◆ PROBLEM STATEMENT
Transcribe each record word for word. Skip the images.

◆ EXERCISE INPUT
•••

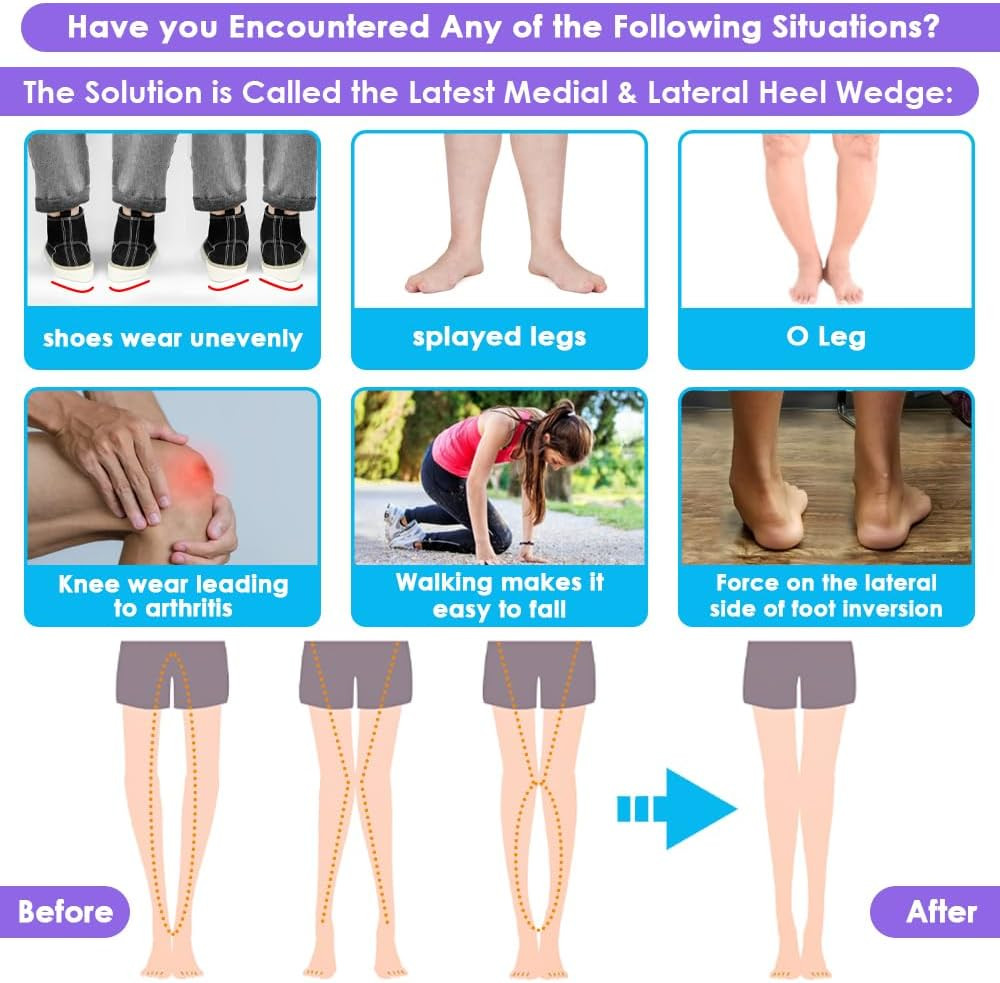 3 Layers Adjustable Supination Overpronation Insoles, Anti-Slip Medial Lateral H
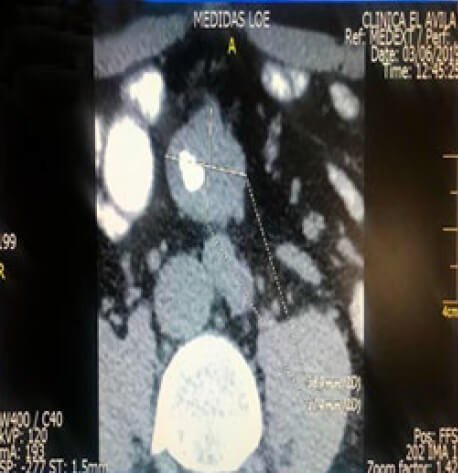 Imagen 1. Cúmulo Cálcico Grueso/ TAC Abdominal
(Medidas de LOE)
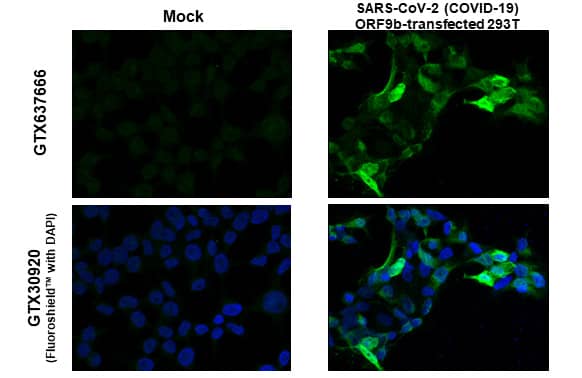 Immunocytochemistry/ Immunofluorescence SARS-CoV-2 ORF9b Antibody (HL1917) - Azide and BSA Free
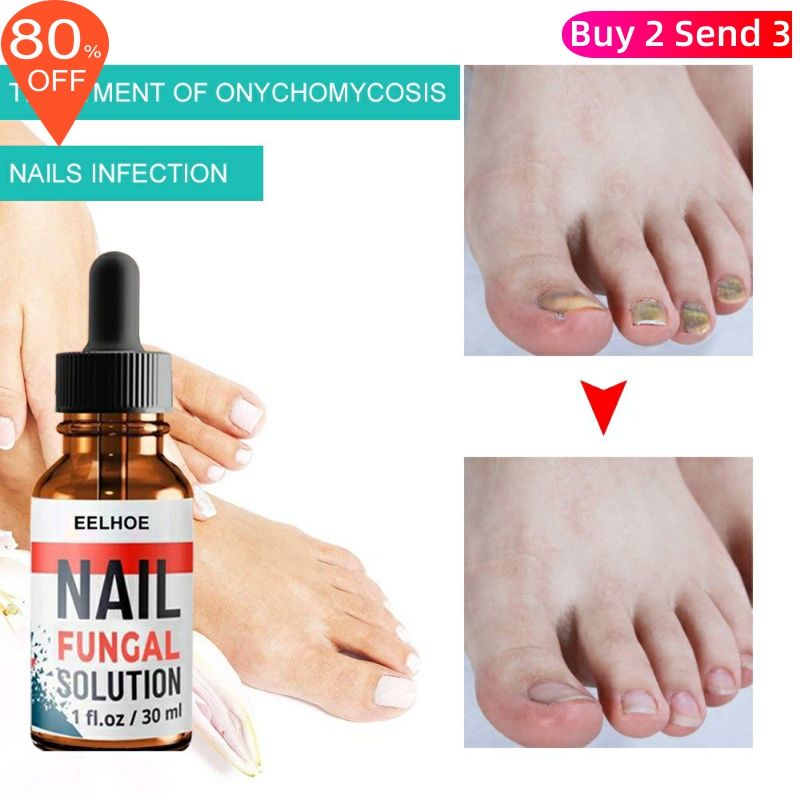 极速Foot Finger Liquid Anti FungaDl Repair Serum Nail Remova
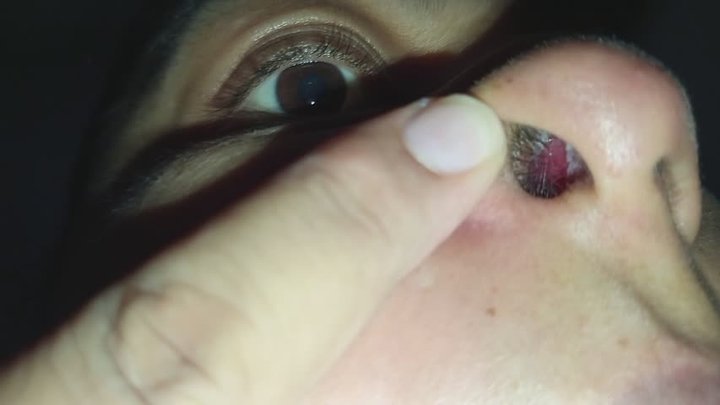 Mostrando el interior de mi nariz _ pelitos y mocos de cerca.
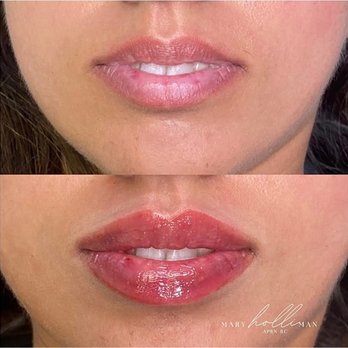 holli Aesthetics - Lutz - holli b&a 1 - Medical Spas Near Me - Lutz, Florida holli Aesthetics - Lutz - holli b&a 1 - Medical Spas Near Me - Lutz, Florida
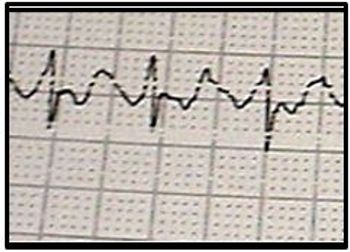 Atrial flutter
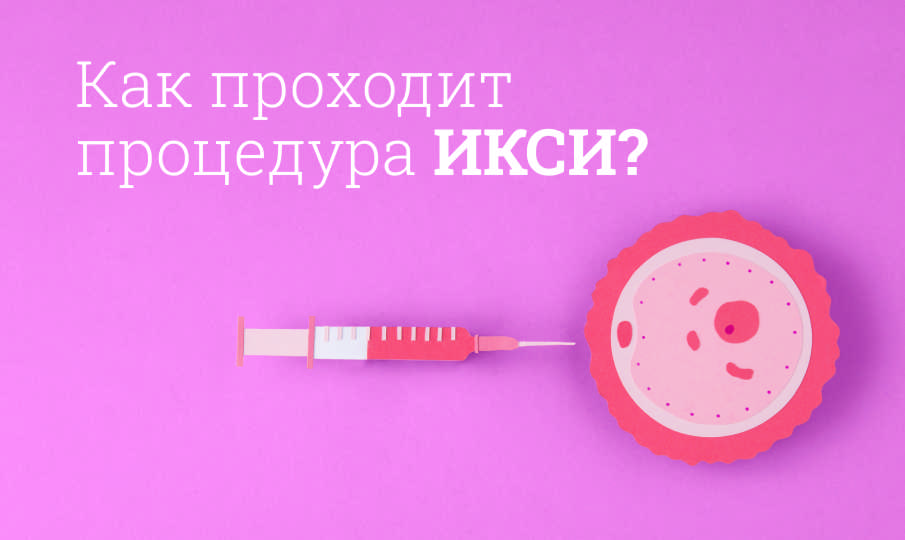 Что такое ИКСИ?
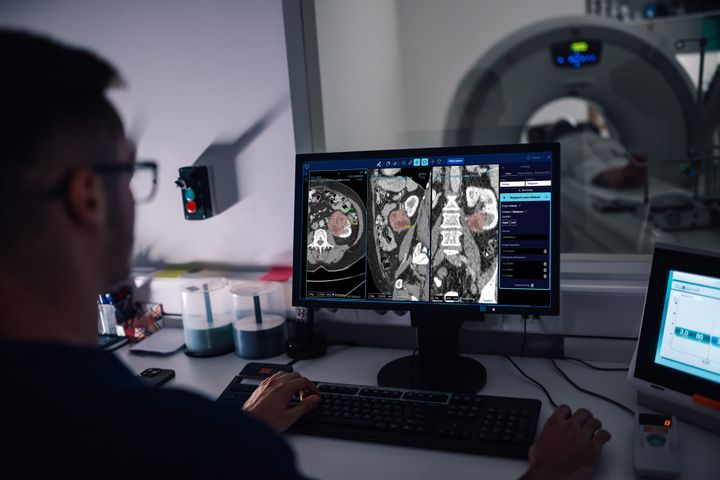Estonian cancer AI caught four tumours radiologists had missed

•••

◆ TASK RESPONSE
 3 Layers Adjustable Supination Overpronation Insoles, Anti-Slip Medial Lateral H
 Imagen 1. Cúmulo Cálcico Grueso/ TAC Abdominal
(Medidas de LOE)
 Immunocytochemistry/ Immunofluorescence SARS-CoV-2 ORF9b Antibody (HL1917) - Azide and BSA Free
 极速Foot Finger Liquid Anti FungaDl Repair Serum Nail Remova
 Mostrando el interior de mi nariz _ pelitos y mocos de cerca.
 holli Aesthetics - Lutz - holli b&a 1 - Medical Spas Near Me - Lutz, Florida holli Aesthetics - Lutz - holli b&a 1 - Medical Spas Near Me - Lutz, Florida
 Atrial flutter
 Что такое ИКСИ?
Estonian cancer AI caught four tumours radiologists had missed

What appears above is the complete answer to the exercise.